Amazed at this great creature, Shasta was “no longer afraid that Voice belonged to something that would eat him, nor that it was the voice of a ghost. But a new and different sort of trembling came over him. Yet he felt glad too.”
As he rode on listening to the Voice, the mist and the darkness disappeared, replaced by the singing of birds. Night was finally over. Shasta then looked over to see a Lion, even larger than his horse, walking beside them.
After one glance at the Lion’s face he slipped out of the saddle and fell at its feet. He couldn’t say anything but then he didn’t want to say anything, and he knew he needn’t say anything.
The High King above all kings stooped towards him. Its mane, and some strange and solemn perfume that hung about the mane, was all round him. It touched his forehead with its tongue. He lifted his face and their eyes met. Then instantly the pale brightness of the mist and fiery brightness of the Lion rolled themselves together into a swirling glory and gathered themselves up and disappeared. He was alone with the horse on a grassy hillside under a blue sky. And there were birds singing.
As Rigney so helpfully summarizes, “In this moment, Shasta discovers that behind a frowning providence, Aslan hides a smiling face . . . As he says to Aravis later, Aslan ‘seems to be at the back of all the stories’” (Rigney, 124–125). Aslan really is behind all the stories. For if we come to see that “there is a God in heaven, there is no such thing as a mere coincidence, even in the smallest affairs of life” (Piper, 37). Your sorrows are no accident and they are no happenstance. Behind the frowning providence of our pain is God’s smiling face. He does not bring us into suffering alone or without purpose. Quite the opposite. Though we may not see it now, God is with us and is working to bring about our pain for his glory and our good (Romans 8:28–29).

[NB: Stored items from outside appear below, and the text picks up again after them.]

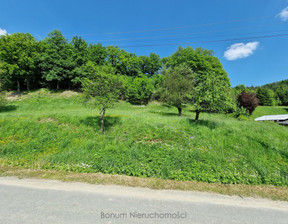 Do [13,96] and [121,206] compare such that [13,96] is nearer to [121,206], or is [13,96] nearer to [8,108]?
[8,108]

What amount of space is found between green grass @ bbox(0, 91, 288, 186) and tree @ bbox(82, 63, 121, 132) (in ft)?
8.11

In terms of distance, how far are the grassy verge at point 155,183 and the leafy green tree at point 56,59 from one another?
3293 cm

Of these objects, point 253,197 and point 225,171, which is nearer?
point 253,197

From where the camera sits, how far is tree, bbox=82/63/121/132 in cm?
915

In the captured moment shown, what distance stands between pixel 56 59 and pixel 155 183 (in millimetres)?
39929

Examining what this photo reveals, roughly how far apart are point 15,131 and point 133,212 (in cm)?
1206

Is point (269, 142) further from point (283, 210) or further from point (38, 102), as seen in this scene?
point (38, 102)

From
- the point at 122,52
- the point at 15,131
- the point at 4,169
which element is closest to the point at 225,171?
the point at 4,169

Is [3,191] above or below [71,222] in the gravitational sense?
below

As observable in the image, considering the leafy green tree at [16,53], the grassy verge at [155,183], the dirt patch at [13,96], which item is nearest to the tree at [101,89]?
the grassy verge at [155,183]

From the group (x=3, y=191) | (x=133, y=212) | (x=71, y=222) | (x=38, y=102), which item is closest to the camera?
(x=71, y=222)

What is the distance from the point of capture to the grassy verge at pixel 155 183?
14.3 ft

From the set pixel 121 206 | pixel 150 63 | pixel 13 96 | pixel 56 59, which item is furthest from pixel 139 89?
pixel 13 96

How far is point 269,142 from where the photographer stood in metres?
8.03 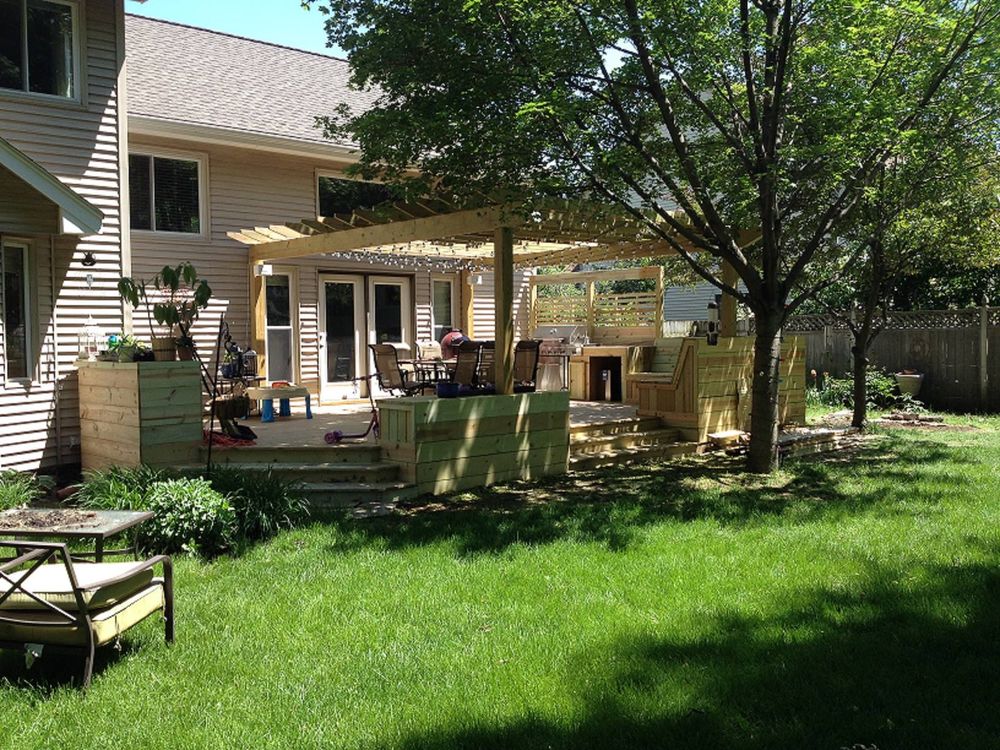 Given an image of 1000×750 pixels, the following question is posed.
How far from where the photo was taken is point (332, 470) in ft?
24.7

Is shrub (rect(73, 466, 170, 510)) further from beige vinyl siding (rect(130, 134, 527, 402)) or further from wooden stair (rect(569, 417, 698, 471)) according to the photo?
beige vinyl siding (rect(130, 134, 527, 402))

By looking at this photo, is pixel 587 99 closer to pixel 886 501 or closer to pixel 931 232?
pixel 886 501

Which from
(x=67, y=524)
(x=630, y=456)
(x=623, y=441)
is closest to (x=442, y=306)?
(x=623, y=441)

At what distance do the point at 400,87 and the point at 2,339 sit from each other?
183 inches

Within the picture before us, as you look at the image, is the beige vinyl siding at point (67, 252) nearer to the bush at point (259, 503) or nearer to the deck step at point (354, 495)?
the bush at point (259, 503)

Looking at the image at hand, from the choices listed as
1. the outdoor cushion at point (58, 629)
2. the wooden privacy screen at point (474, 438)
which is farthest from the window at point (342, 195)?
the outdoor cushion at point (58, 629)

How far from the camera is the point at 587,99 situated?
779 centimetres

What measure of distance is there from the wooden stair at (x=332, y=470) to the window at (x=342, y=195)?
602 centimetres

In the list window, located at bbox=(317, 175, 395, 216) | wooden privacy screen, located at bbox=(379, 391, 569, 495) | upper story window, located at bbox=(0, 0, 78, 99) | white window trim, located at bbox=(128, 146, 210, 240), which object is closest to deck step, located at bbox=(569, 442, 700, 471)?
wooden privacy screen, located at bbox=(379, 391, 569, 495)

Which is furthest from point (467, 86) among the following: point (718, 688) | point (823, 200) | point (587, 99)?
point (718, 688)

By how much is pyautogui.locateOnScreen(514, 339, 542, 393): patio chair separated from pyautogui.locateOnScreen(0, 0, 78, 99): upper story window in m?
5.56

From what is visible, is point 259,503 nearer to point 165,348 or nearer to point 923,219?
point 165,348

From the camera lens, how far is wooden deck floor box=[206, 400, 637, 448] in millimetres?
→ 8711

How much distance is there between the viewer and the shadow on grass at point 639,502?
20.1 ft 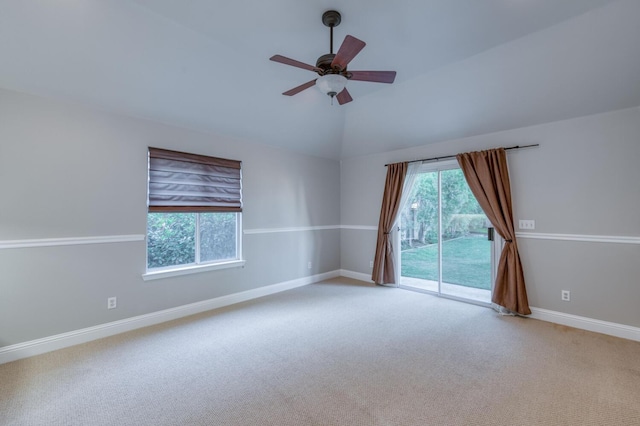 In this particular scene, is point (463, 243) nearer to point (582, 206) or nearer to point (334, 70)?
point (582, 206)

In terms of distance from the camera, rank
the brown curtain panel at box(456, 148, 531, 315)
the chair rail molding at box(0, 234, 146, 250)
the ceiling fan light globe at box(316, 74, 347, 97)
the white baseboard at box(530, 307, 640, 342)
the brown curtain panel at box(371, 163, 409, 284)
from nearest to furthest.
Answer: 1. the ceiling fan light globe at box(316, 74, 347, 97)
2. the chair rail molding at box(0, 234, 146, 250)
3. the white baseboard at box(530, 307, 640, 342)
4. the brown curtain panel at box(456, 148, 531, 315)
5. the brown curtain panel at box(371, 163, 409, 284)

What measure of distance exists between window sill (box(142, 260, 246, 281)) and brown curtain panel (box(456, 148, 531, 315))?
3.69 meters

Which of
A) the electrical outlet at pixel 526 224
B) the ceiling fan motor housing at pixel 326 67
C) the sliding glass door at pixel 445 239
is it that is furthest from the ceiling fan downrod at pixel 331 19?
the electrical outlet at pixel 526 224

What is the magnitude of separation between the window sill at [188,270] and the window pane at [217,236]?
5.5 inches

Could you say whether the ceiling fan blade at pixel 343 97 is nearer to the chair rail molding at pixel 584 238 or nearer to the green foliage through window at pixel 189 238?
the green foliage through window at pixel 189 238

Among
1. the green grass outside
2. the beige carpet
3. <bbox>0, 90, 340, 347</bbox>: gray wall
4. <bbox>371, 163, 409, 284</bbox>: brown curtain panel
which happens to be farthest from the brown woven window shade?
the green grass outside

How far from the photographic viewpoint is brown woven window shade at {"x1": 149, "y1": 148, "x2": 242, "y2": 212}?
353 centimetres

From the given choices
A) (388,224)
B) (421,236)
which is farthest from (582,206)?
(388,224)

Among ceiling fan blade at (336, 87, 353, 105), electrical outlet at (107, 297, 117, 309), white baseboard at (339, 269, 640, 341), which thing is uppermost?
ceiling fan blade at (336, 87, 353, 105)

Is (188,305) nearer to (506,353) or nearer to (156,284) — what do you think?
(156,284)

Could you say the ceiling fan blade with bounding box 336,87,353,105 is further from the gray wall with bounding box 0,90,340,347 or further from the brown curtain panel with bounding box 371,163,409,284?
the brown curtain panel with bounding box 371,163,409,284

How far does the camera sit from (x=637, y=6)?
7.63 ft

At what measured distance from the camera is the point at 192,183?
12.6ft

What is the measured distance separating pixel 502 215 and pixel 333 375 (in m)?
3.12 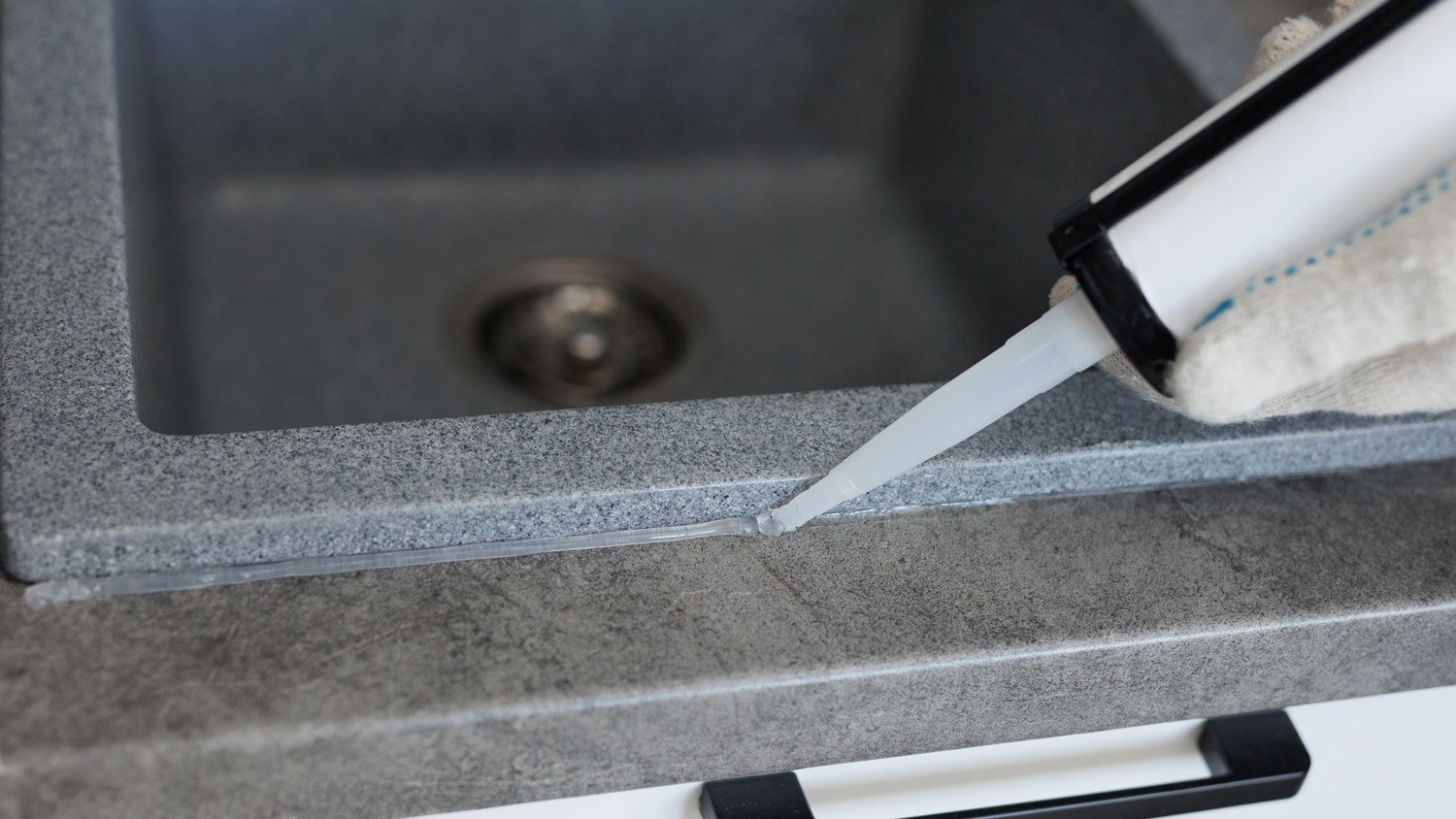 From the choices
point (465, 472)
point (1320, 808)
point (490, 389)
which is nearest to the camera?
point (465, 472)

Perhaps you have found yourself disenchanted with the God of the universe, disbelieving even, because of your pain and your sorrows. The path to healing does not lead away from the God who permits your pain. You must not, like Shasta, ask God to go away and count yourself the unluckiest person in the world. Instead, you must gaze into the glory of God, willing yourself to believe in his goodness, even when you cannot see it.
In our adventure into Narnia, Shasta realized the good. He saw the blue skies. He heard the birds sing. But he didn’t get to pick when the good came. We must rest in the sovereignty of God, trusting his timing, knowing that the good will come—even if it never comes in this life. To resist the Lion is to run from hope and rest. To embrace the Lion, in all his mystery, is to lock into the good purposes of God, no matter how dismal circumstances appear.
Like Shasta, we might try to interpret events as lucky or unlucky, as if that is all there is to it. But when we come face to face with the Lion, we know that it isn’t “luck at all really, it was Him. And now I’m in Narnia.” Venture into Narnia and join Shasta in reveling in the all-sufficient goodness of God.